Aunt Betsy lived to be 90 before she died early in 1898 and she kept her land intact including a vast strip known as Aunt Betsy’s woods which bordered Prospect Street from Centre to Chase Street.

Abraham, the last of Young John’s five strapping sons, owned the land where Yantacaw School now stands. The wooded hill across the Third River which, under the able hands of William Lambert-the man who developed half of Nutley-became Nutley Park. He set up a blacksmith shop and a house on Passaic Avenue, just off the Third River and after his death, his widow, Margaret, inherited the vast property where several hundred homes, a school and a town park are now situated.

Those were the five sons of Young John, who in turn founded big families and from whom many present day Stagers here descend. The youth who came alone out of the big swamps just at the end of the Revolutionary War is represented today by at least 400 descendants still living in Nutley.

Among those successive generations of subsequent Stagers there were many characters. One of them was Thomas Stager who married Hannah Vreeland.

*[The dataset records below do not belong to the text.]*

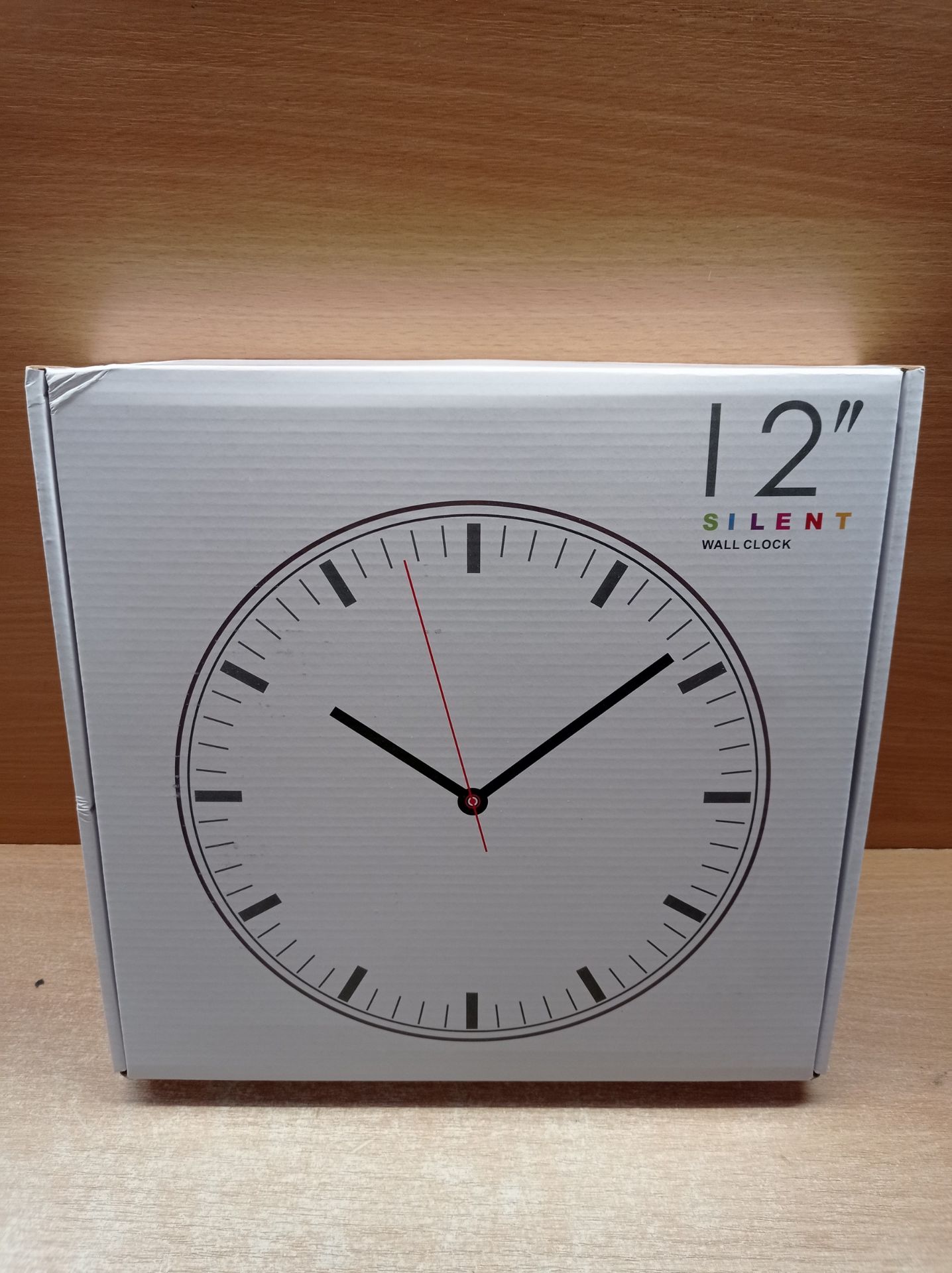 RRP £15.97 12 Inch Wall Clock Silent Large Wall Clocks for Living - Image 2 of 2
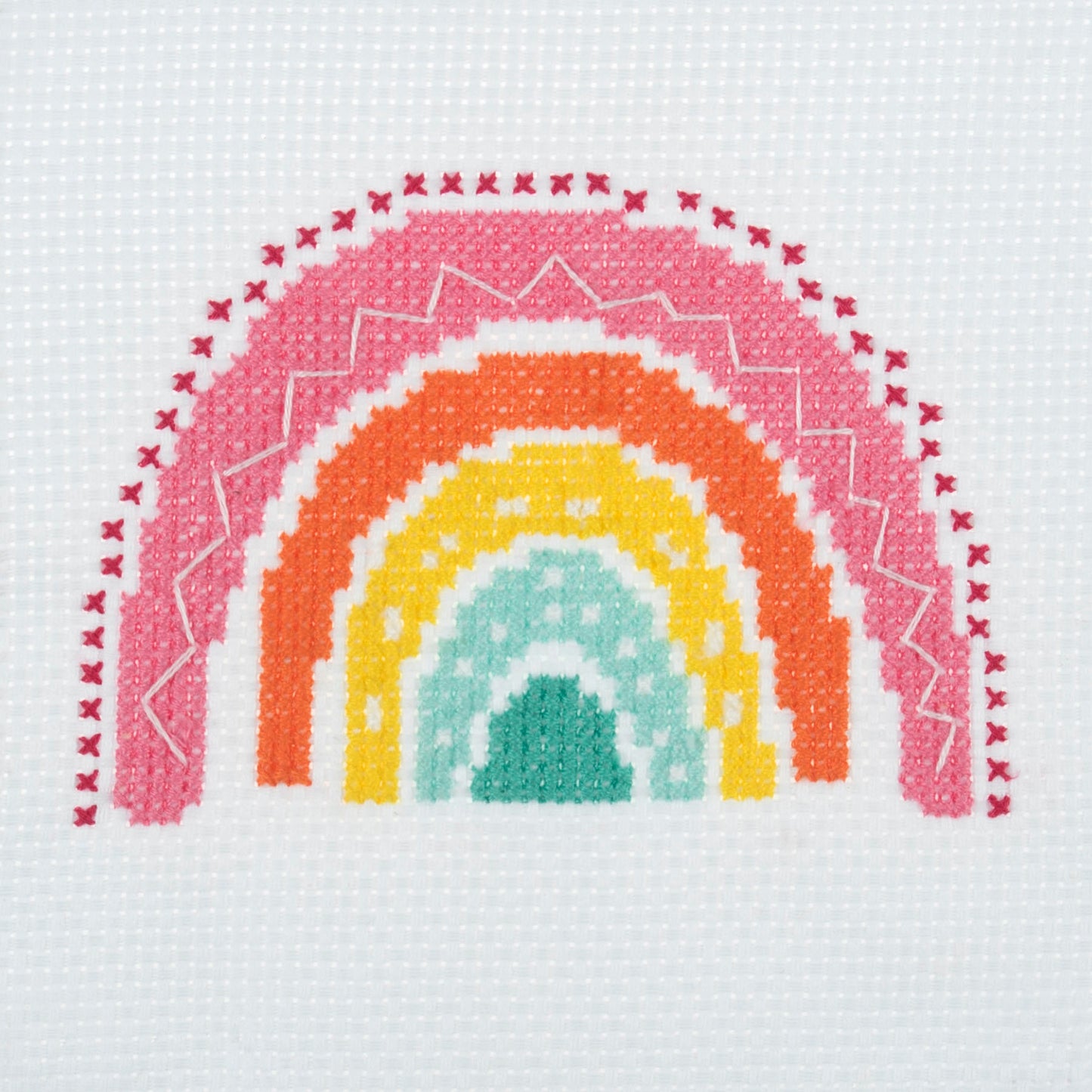 Trimits Cross Stitch Kit: Rainbow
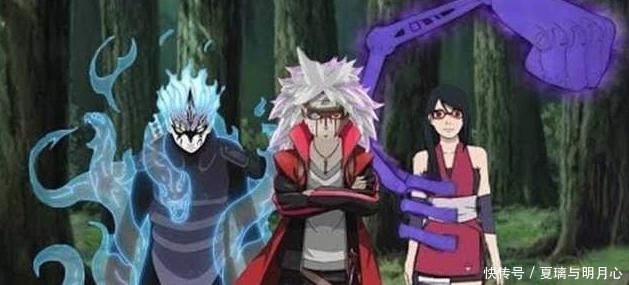 博人传博人开启六道模式,左眼仙人+九尾十字眼,右眼轮回眼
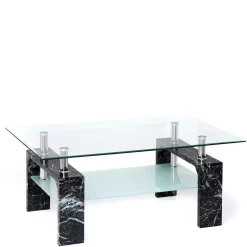 Glastische*Pharao24 Moderner Wohnzimmertisch Nicoleta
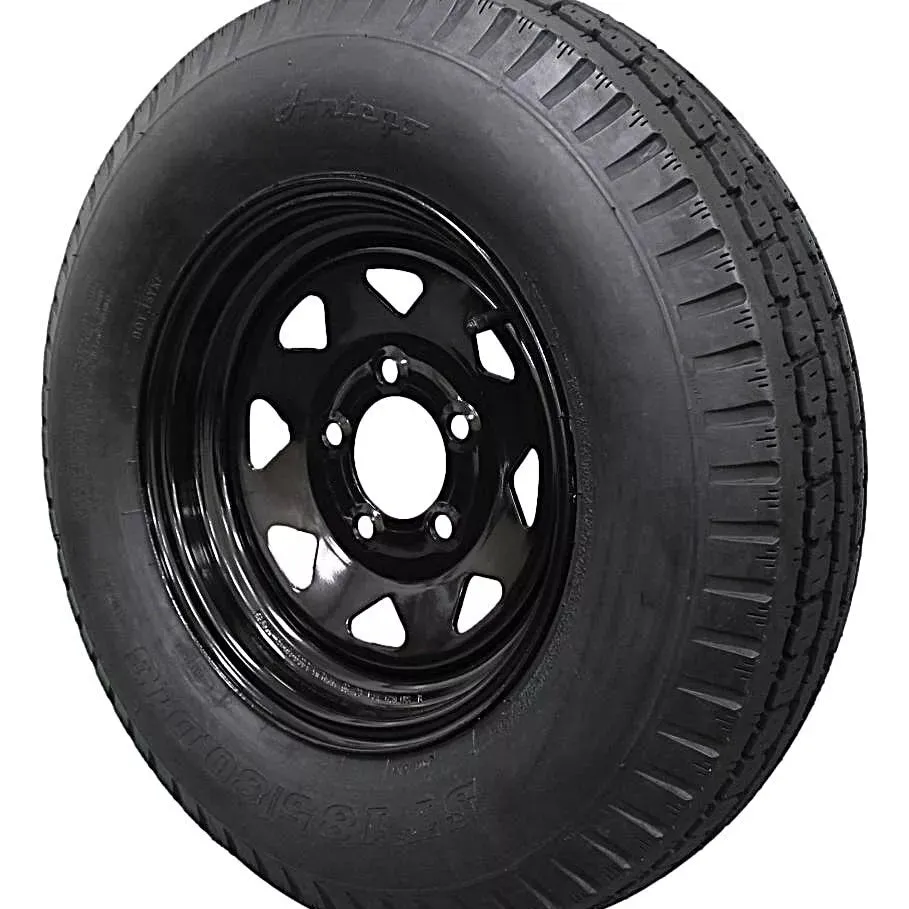 (Single Assembly) Antego Tire and Wheel 185/80D13 Highway Terrain Assembly – Optimized for High Load Performance, 13.0-Inch Rim, Load 94.0, Speed M | A130454510096206ST18580D13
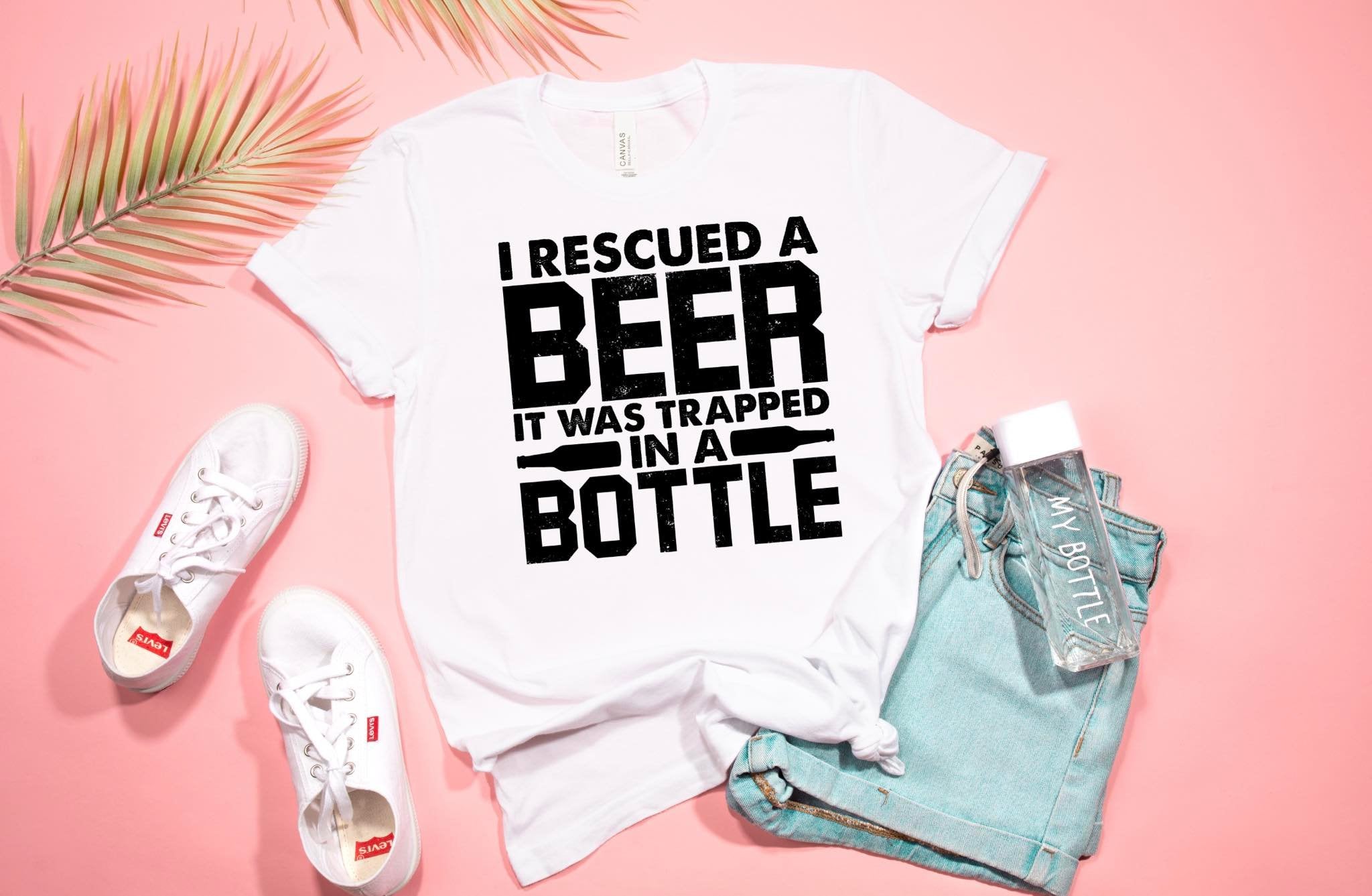 i rescued a beer it was trapped in a bottle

He did not like the traditional spelling of Thomas, so he signed his name “Tomas” and to the town he became “Tome.” For a while he lived in the old home of Harmonious Stager.

He was a builder, as were three of his five sons, Dick, Ralph and Albert, the latter also known as “Spieler” because of a gift of gab. A fourth son, William, was also known as “Buffalo Bill” or just simple “Buff” and the fifth son was the popular “Dick” Stager who died in 1942.

“Buff” was one of the long line of owners of the Old Military Hall which dates back to the Revolutionary War. It was owned and run by a man named Jack Dooley when “Buff” took it over in the early 80’s. “Buff” ran it as a tavern and inn and secured a transient hotel license, but to get it he had to consent to keep a certain number of rooms for travellers, stable and shed room for a fixed number of horses and wagons and also had to promise to provide lodging for anyone the town Poormaster sent to him. “Buff” ran the old hall for 10 years and sold it to Charlie Jones.

One of “Buff’s” sons was Harry Stager, who took the name “Hank” and died only recently. He was one of the charter members of the original Franklin Fire Department organized in 1894 and was third in line among the chiefs who led it. The first of the chiefs had been Dr. A. H. Van Riper and the second had been Arthur Stager, also a builder, who sat on the Board of Education and forced the use of concrete in building Washington School, the only one of its kind here.

And that’s the story of how the Stagers moved in on Nutley that day Young John walked over Povershon Hill down to the house of Captain Speer and asked for a job.